Six Key Changes in Fundamental Commissioning Requirements in LEED v4
LEED v4 is the latest version of the U.S. Green Building Council’s (USGBC) Leadership in Energy and Environmental Design (LEED) rating system. More than 20 years ago, USGBC was established to help promote sustainability within the built environment.
Today, LEED has become a standard around the world for the design, construction and operation of high-performance structures. LEED v4 includes a comprehensive technical update to rating system requirements, as well as other changes. New construction building commissioning is the process of verifying that building systems meet the owner’s requirements and are installed and operate as intended by the design engineer. Here’s six key ways in the which Fundamental Commissioning Requirements in LEED v4 have changed:
- Third-party commissioning providers. In the past, a third-party commissioning provider (CxP) was brought on for projects over 50,000 square feet. Today that number has moved down to 20,000 square feet.
- Get the CxP involved earlier. The CxP should now be brought into project prior to the end of the design development phase. Commissioning should not be thought of as something that happens at the end of construction.

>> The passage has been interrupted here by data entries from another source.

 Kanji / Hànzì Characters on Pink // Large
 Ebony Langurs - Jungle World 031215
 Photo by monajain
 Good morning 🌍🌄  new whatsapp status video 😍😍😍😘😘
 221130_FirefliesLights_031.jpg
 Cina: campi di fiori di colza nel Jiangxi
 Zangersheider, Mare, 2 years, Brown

- Exterior enclosure must be addressed in LEED documents. The third change requires the Owner’s Project Requirements (OPR) and Basis of Design (BOD) to reference the building’s exterior enclosure. This applies even if the project team is not pursuing the enhanced commissioning building enclosure commissioning option.
- Design reviews. The design review now happens in the fundamental commissioning scope, as opposed to the enhanced commissioning scope as was the case in previous versions of LEED.

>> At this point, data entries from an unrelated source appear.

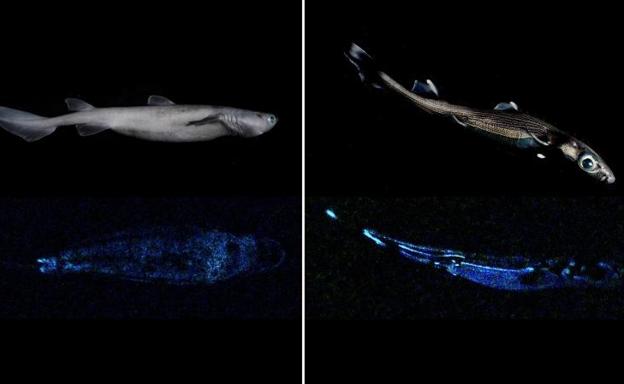 Científicos encuentran en Nueva Zelanda el tiburón luminoso más grande del mundo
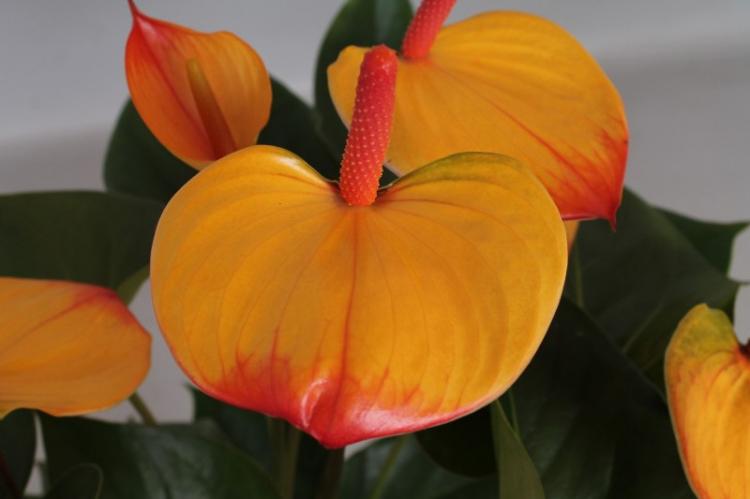 Anthurium - photo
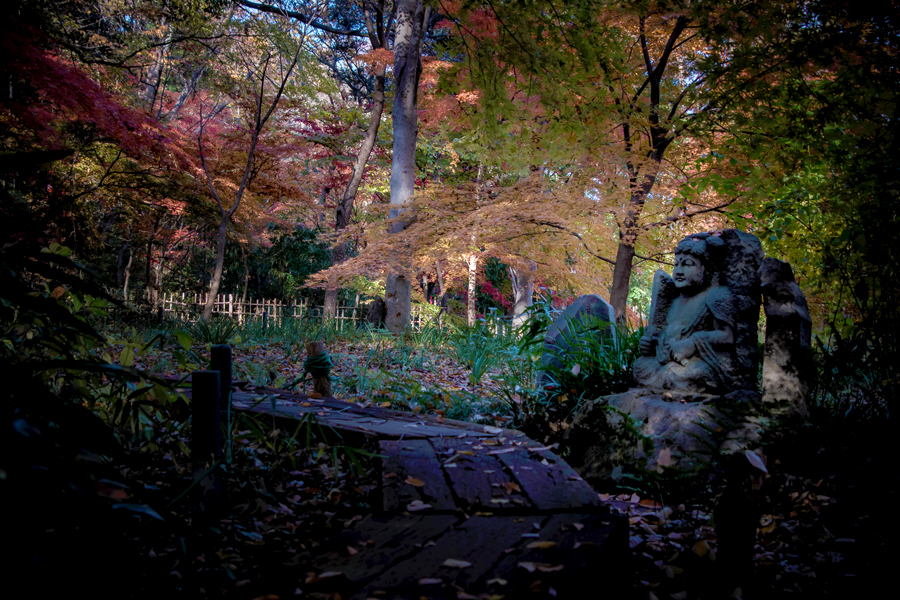 DSC01209.　名残の秋-5　 紅葉の森の普賢菩薩jpg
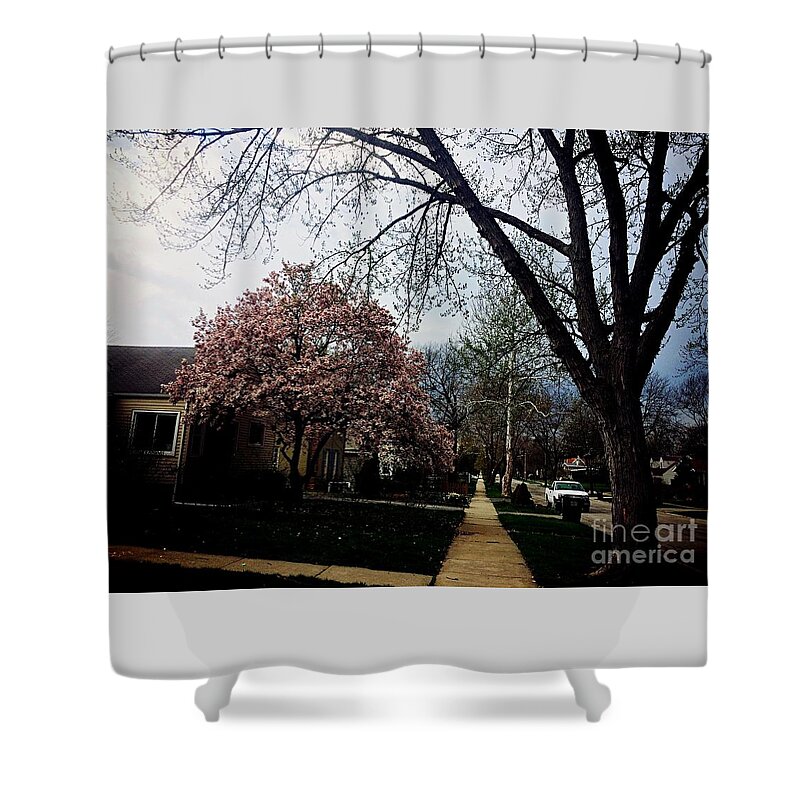 Magnolia Tree Shower Curtain featuring the photograph Remember You Are Precious by Frank J Casella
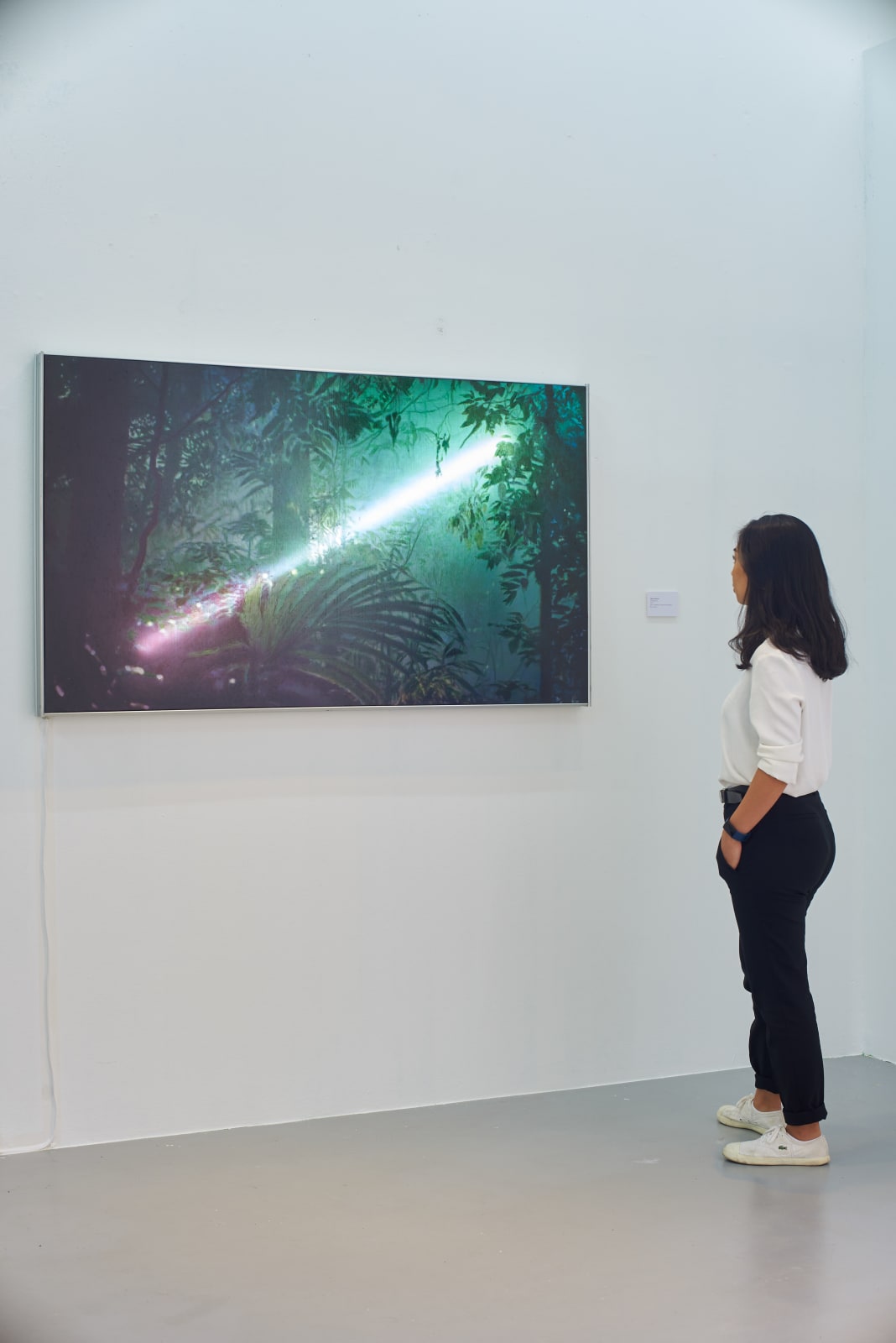 Filippo Sciascia, Phylogenetic, 2019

- Additional systems to commission. Now included in the systems for the CxA to commission are electrical service and distribution, as well as the plumbing systems, including pumps and controls.
- Facilities, operations and maintenance. The final change required by LEED v4 is for the CxP to deliver current facility requirements and an operations and maintenance (O&M) Plan. The O&M plan includes things such as systems narrative, sequence of operation, building occupancy schedule, PM plan, ongoing commissioning tasks, and so forth.